Magnetic resonance imaging (MRI) was conducted four times on each participant—once for each possible combination of cream, placebo, and THC. They were asked to explain to researchers the intensity of their pain, as well as how much it bothered them.

The Takeaway
It was not clear that cannabis had any actual effects on the parts of the brain that signal pain, but it did appear to aid some study participants in their emotional experience of that pain.

“Cannabis may influence the emotional aspect (‘the hurt’), rather than the sensation of pain,” explains Lee. “This sort of pain relief may depend on how the amygdala (the brain region linked to fear) reacts to the drug. That means that not everyone can benefit from the effects of cannabis on the brain.”

The researchers found an apparent correlation between the effectiveness of THC for pain relief and a certain connection in the brain—namely, the strength of the connection between the right amygdala and the primary sensorimotor area, which is part of the brain’s cortex.

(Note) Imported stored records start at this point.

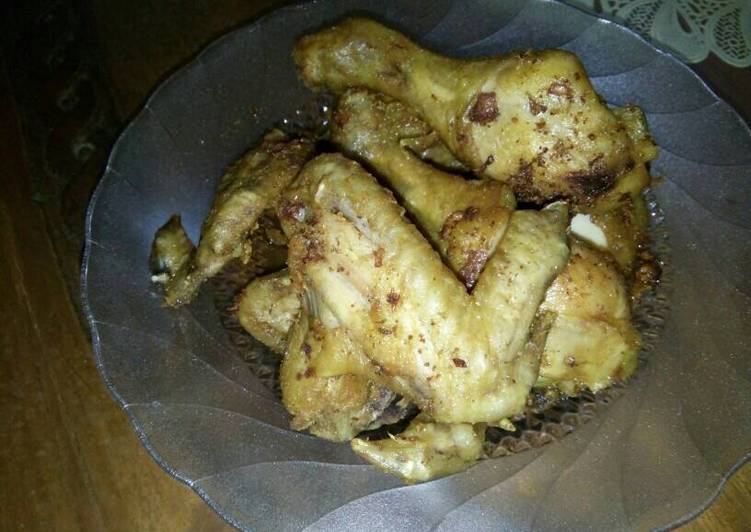 Langkah Mudah untuk Menyiapkan Ayam goreng gurih enak dan mudah Anti Gagal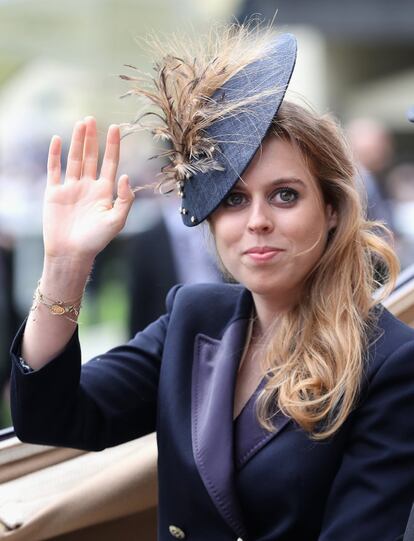 La princesa Beatrice, muy discreta, a su llegada al hipódromo. 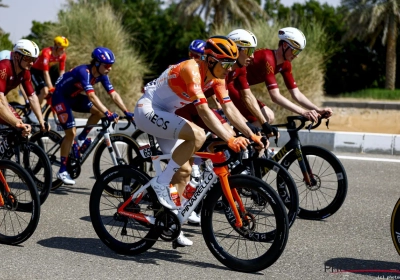 Crashes in Omloop eisen tol: topploeg brengt heel slecht nieuws en meldt ernstige breuk bij gevallen renner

If this correlation is, in fact, present, it may allow doctors to determine in advance whether THC will be effective as a form of pain relief for certain patients. This will, however, require long-term studies, and would also require the participation of patients suffering from chronic pain.

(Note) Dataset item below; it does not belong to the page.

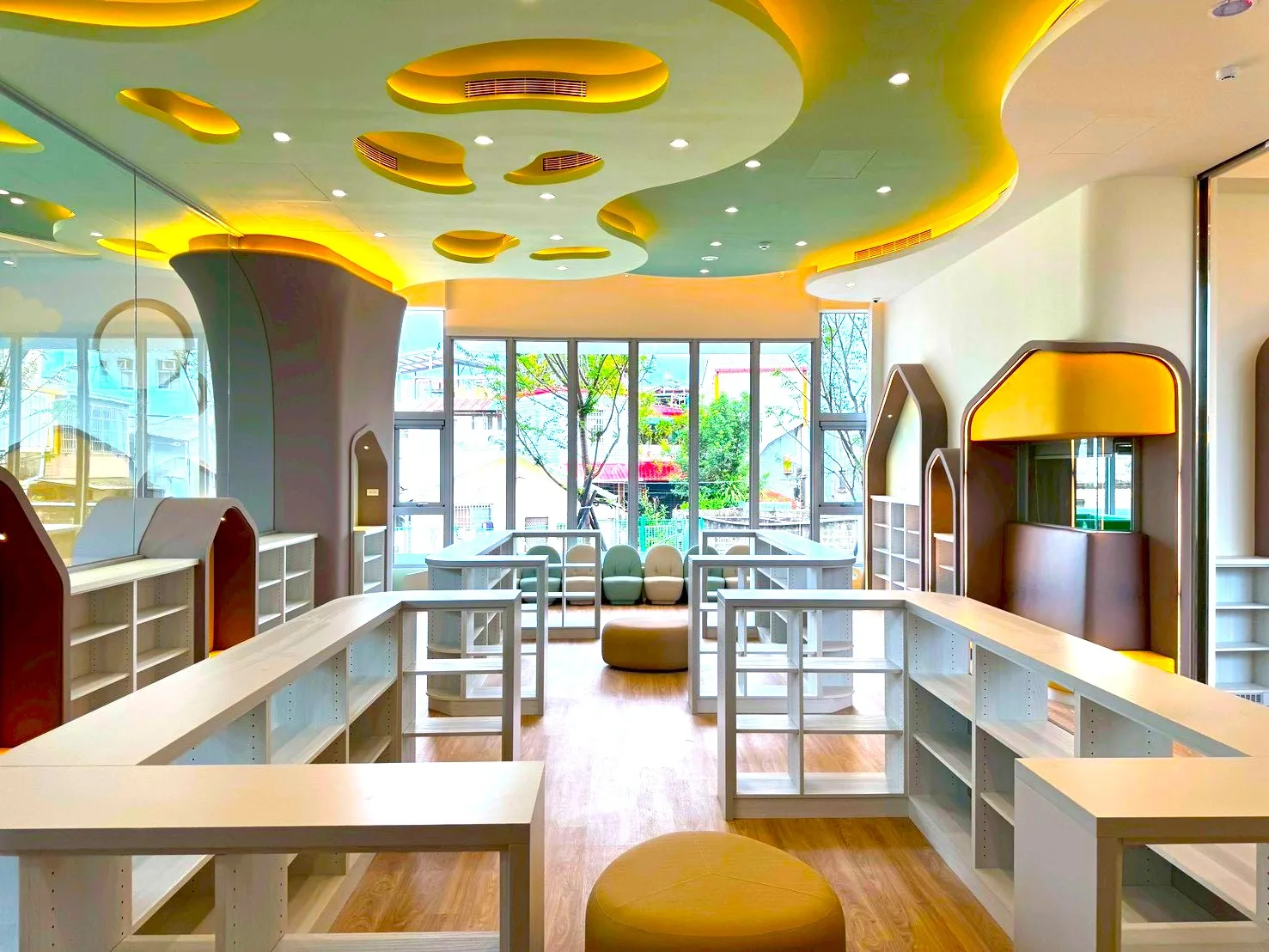 許良宇圖書館打造全齡化、節能智慧及安全友善的閱讀環境。客委會提供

Researchers determined that, although the burning sensation did not appear to change, THC did appear to make the pain less bothersome in some patients. However, out of the 12 participants, only six said there was an actual change in the degree to which their pain bothered them.

Other Research
A 2002 study in Pain Research & Management took a look at therapeutic cannabis use among patients experiencing chronic pain. Most of the patients surveyed in the study reported improvement in pain, mood, and sleep.

Future studies will need to examine the effects of THC over a longer period of time, and in patients who actually experience chronic pain, as opposed to the healthy men surveyed in the Oxford study.

“We do need longer-term studies to help predict which patients, or what sort of pain, might respond positively to cannabis-based medicines,” says Lee. “We also need to understand the long-term risks of cannabis in these patients.”

Although the findings of the Oxford study will likely impact future research on THC and pain relief, it is unclear how the findings will affect the dialogue surrounding the use of cannabis. “The findings are of interest scientifically, but it remains to be seen how they impact the debate about use of cannabis-based medicines,” says Lee in a press release for the study.